Over the past couple of months, I’ve spent quite a bit of time exploring ways to deal with plagiarism (otherwise known as the cut & paste problem or CPP). Given it’s a growing problem, there is a fertile opportunity for tools to monitor content on blogs and Web sites. Obviously, the most common tools are Google and Technorati (for blogs) but there are many others being developed.

One of them called RepTrace was recently highlighted on David Jones’s blog. Jones, a PR practitioner with Fleishman-Hllard and an active blogger, was impressed by Milton, Ont.0-basd RepuTrace’s ability to quickly find freshly-created content.

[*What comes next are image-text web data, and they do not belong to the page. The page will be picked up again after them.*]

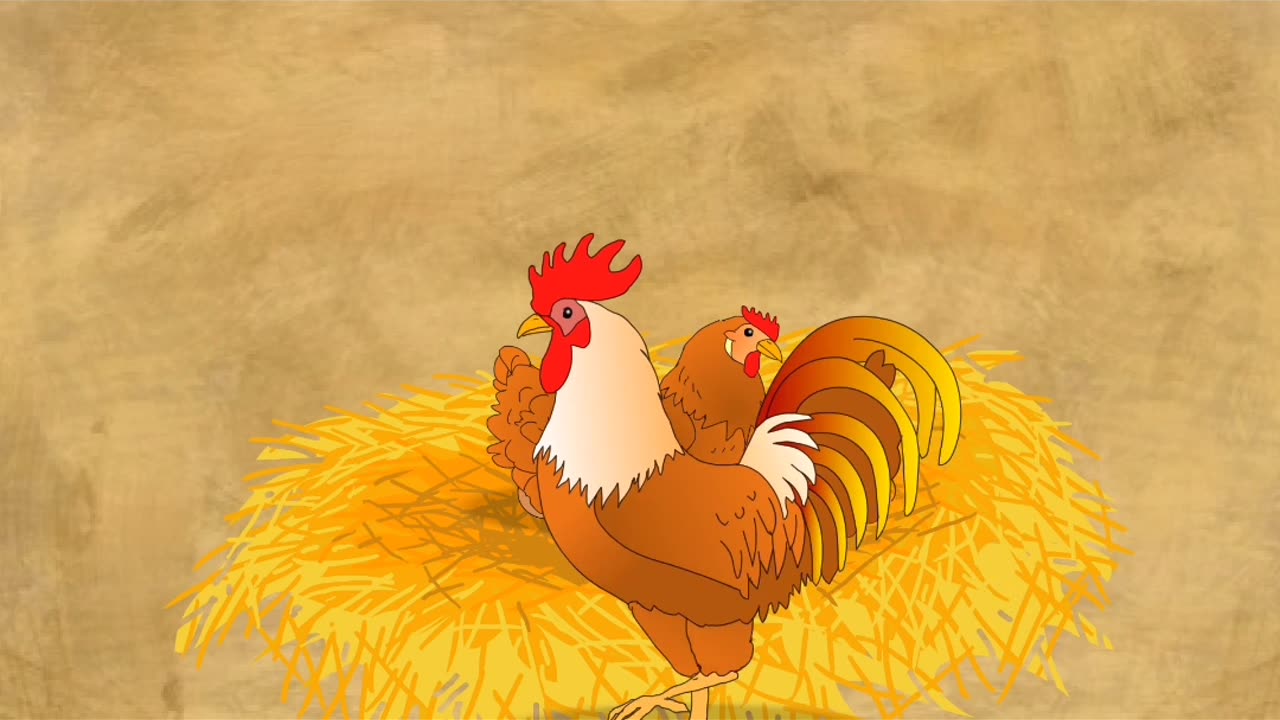 The Bountiful Hen: A Source of Fresh Eggs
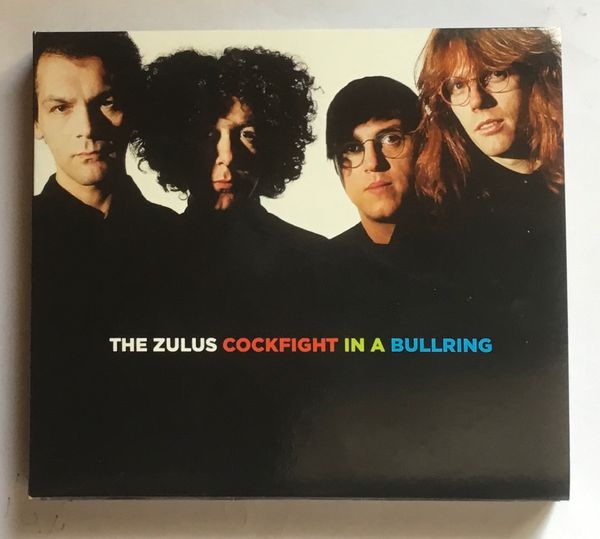THE ZULUS BUNDLE: CD & BOTH SHIRTS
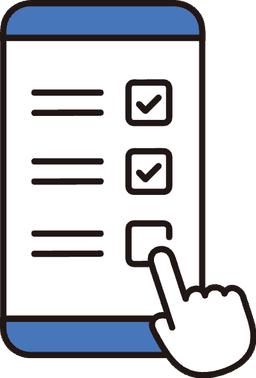 アプリで配信する広告を選択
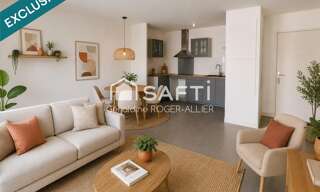 Appartement 3 Pièces 66 m² à vendre à Mérignac (33700)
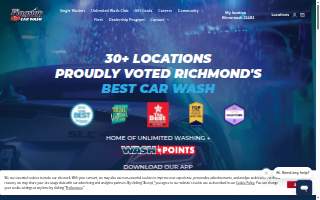 Flagstop Car Wash of Colonial Heights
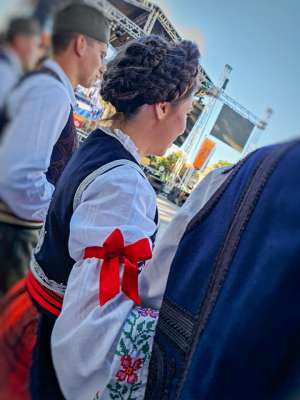 Putovanje kroz vreme: Folklor kao blago - Hit Radio Pozarevac, Branicevski okrug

“One thing that really caught my attention was their search engine’s ability to find anything new within a maximum time of 5-7 minutes of posting. They claim it’s better than Technorati and Google as far as search goes. Conceivably, this should return new blog postings faster than Google due to the fact that it’s an actual live search and not indexed. I’m no SEO expert, so I’ll take their word for it. The very nicely organized search window, which allows you to look at all web hits, or just news, blogs or consumer sites was very interesting.”

Another player on the horizon is Attributor, which has some high-profile investors such Draper Richards, Selby Venture Partners and Sigma Partners. The company, which received $10-million of venture capital in December, is developing technology that will show publishers how their content (text, video and images) are being re-used online. You can apply to the beta by sending an e-mail to

Another new tool on the anti-plagiarism front is Blogwerx, a self-funded, three-man operation that recently launched at Demo. A good source for information on combating plagiarism is Plagiarism Today.

Update: Blogging && Tools played with two anti-plagiarism tools – Copyscape and Sentinel.